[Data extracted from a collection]
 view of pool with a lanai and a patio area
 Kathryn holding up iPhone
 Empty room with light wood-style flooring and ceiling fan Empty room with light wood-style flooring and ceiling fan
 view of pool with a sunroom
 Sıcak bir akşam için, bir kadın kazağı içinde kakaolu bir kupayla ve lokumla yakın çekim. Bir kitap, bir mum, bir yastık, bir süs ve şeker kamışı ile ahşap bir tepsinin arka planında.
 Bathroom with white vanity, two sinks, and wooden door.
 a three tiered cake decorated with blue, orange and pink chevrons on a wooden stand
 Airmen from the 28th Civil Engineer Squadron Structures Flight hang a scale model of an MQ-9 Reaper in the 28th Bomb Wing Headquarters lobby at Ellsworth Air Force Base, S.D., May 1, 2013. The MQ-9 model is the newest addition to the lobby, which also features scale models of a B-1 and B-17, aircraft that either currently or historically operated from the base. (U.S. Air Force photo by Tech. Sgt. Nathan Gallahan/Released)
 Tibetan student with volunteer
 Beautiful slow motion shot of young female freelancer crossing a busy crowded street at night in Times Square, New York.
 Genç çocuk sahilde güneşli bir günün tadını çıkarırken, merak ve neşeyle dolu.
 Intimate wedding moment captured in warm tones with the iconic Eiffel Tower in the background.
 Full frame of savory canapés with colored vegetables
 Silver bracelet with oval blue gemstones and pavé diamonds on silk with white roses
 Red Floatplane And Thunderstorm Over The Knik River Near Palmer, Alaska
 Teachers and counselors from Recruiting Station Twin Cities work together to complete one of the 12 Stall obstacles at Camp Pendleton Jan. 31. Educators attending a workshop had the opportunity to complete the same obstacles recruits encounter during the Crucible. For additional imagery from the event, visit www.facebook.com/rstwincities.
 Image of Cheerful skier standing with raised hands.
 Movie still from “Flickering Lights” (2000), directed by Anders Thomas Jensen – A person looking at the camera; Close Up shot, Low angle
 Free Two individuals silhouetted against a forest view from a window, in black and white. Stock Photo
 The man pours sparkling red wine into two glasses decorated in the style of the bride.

■ What the exercise asks
Where does the word "white" appear in the records above? Return every line that holds it.

■ Expected output
 Bathroom with white vanity, two sinks, and wooden door.
 Silver bracelet with oval blue gemstones and pavé diamonds on silk with white roses
 Free Two individuals silhouetted against a forest view from a window, in black and white. Stock Photo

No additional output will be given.